Fernando Navarro (Granada, 1980), que maneja la narrativa audiovisual por su condición de guionista en diferentes proyectos, ha conseguido generar una expectación como hacía mucho no se veía en la literatura española con la llegada de este título, Crisálida, editada por Impedimenta, su primera novela, que llega después del éxito arrollador de su volumen de cuentos, Malaventura (Impedimenta, 2022) y su participación como guionista en Segundo premio, largometraje sobre la banda granadina Los Planetas y que consiguió ser propuesta a los Oscar para mejor película extranjera después de llevarse el Goya a la mejor película española del año 2024. 

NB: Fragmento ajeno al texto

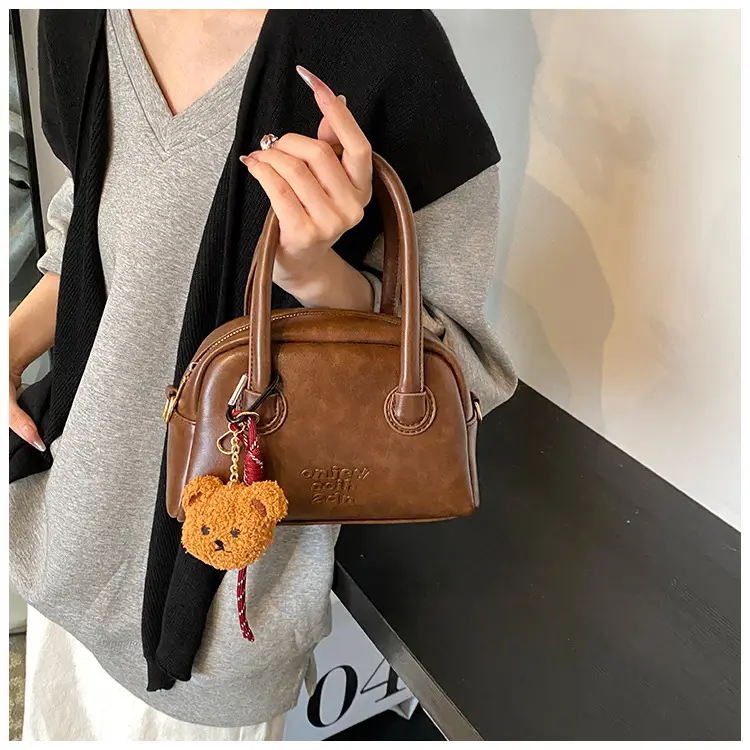 Women's Brown Leather Shoulder Bag with Teddy Bear Charm — feature 17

Crisálida es una historia que conjuga dos espacios literarios: el descenso a la locura de una familia que se interna en la sierra para vivir alejada de la civilización y las consecuencias que tiene esa huida en la protagonista, uno de los vástagos, desde su despertar y estancia en lo que parece un pabellón de reposo. La novela suena a sello Gong, a las leyendas del tiempo y del espacio, a una vieja noche y un nuevo día. 

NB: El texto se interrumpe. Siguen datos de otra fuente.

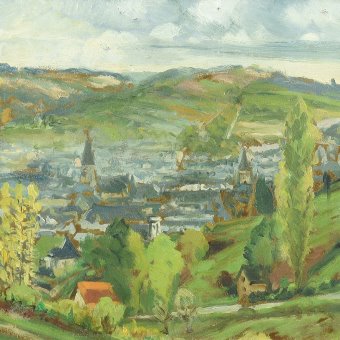 Brive : vue générale, huile sur carton de Jean Margerit, 1944.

Crisálida es una historia de lluvia y barro, de niños encendidos por la fiebre que abandonan la infancia en un salvajismo de gusanos grises y yerbas tóxicas mientras Granada, siempre Granada  (ciudad innombrable) aparece en la lejanía, fría y atemporal, una Granada de sierra y nieve, dominada por la señora de las alturas y las sustancias, carbono, hidrógeno y oxígeno. Destiladas o fermentadas, hasta que las semillas, abordadas por el agua pura de la nieve, germinan en sangre y delirio: “El agua en sus cabellos, esas aguas son aguas que vienen de niños como nosotros, niños de la niebla, perdidos y muertos, desangrados ahí arriba”. La idea de la tradición española, del norte gallego al sur andaluz, de las canciones de Golpes Bajos a las de Los Planetas. 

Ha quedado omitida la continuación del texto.